User programs run in a restricted environment. They can't access hardware directly, allocate memory, or do any privileged operations. Instead, they must ask the kernel to do these things for them. The kernel provides these services through system calls. System calls are the interface between user programs and the kernel.

Transferring control to the kernel requires special support from the CPU. Traditionally, this has been done using software interrupts, e.g. int 0x80 in Linux. However, modern CPUs provide a more efficient way to do this: the syscall/sysret instruction pair.

System Call Interface

The syscall/sysret instructions simply transfer control to the kernel and back to the user program. They don't define the interface between user programs and the kernel. The kernel defines this interface, i.e. the system call numbers and the arguments for each system call. The kernel also defines the calling convention for system calls, e.g. which registers to use for arguments and return values. This is called Application Binary Interface (ABI).

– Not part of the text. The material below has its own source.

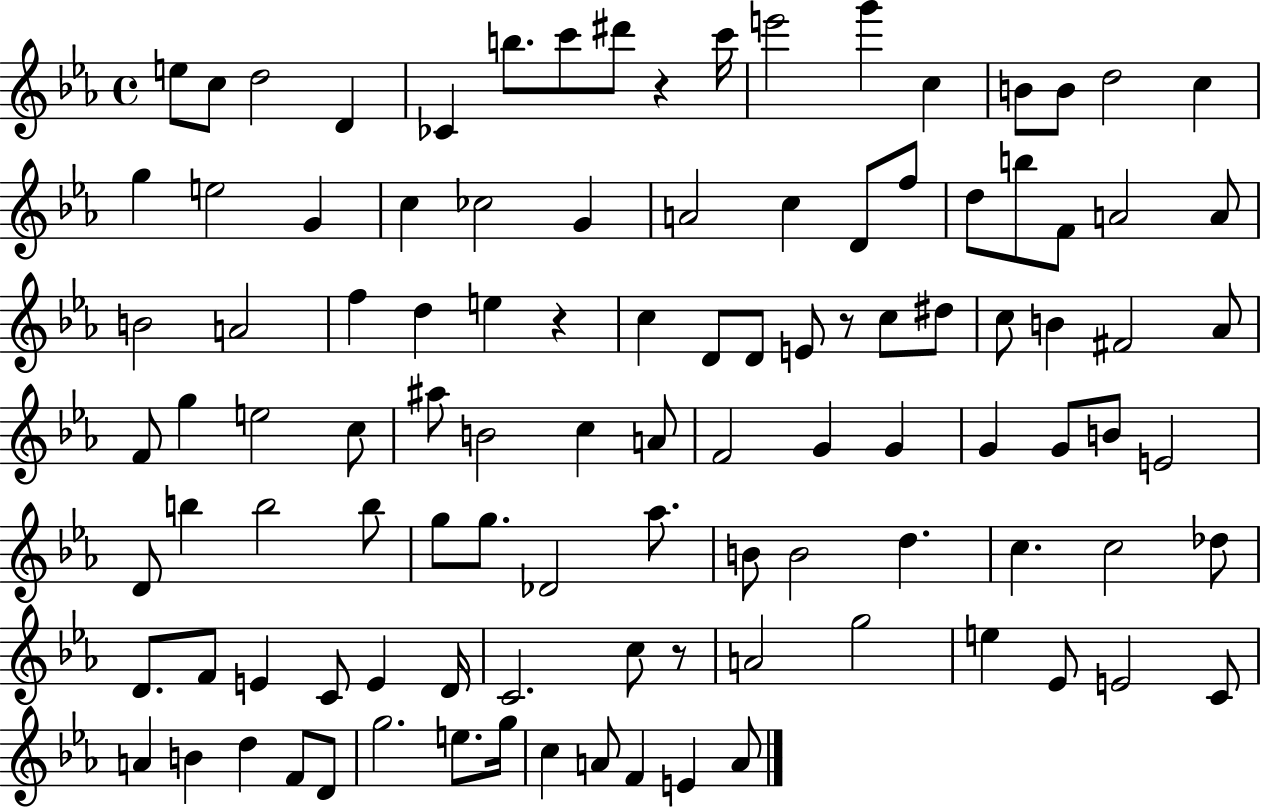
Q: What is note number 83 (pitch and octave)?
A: C5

We're not building a kernel adhering to any particular ABI; we'll define our own. Let's start with the system call number and arguments. We'll use the following registers for these:

rdi: system call number
rsi: first argument
rdx: second argument
r8: third argument
r9: fourth argument
r10: fifth argument

We'll use rax for the return value. Notice that we're not using rcx or r11 in the system call interface. This is because when executing syscall, the CPU stores the user rip and rflags in rcx and r11, respectively. Upon returning to user mode, the CPU restores rip and rflags from rcx and r11. So we have to make sure that rcx and r11 are preserved across system calls.

Also, the CPU doesn't switch stacks for us when executing syscall. We have to do that ourselves. This is in contrast with interrupts, where the CPU switches to the kernel stack before executing the interrupt handler. So it's a bit more inconvenient to handle system calls than interrupts, but it's a faster mechanism.

Initialization

There are a few things we need to do to initialize system calls. They're all done through Model Specific Registers (MSRs).

Set the SCE (SYSCALL Enable) flag in the IA32_EFER MSR.
Set the kernel and user mode segment selectors in the IA32_STAR MSR.
Set the syscall entry point in the IA32_LSTAR MSR.
Set the kernel mode CPU flags mask in the IA32_FMASK MSR.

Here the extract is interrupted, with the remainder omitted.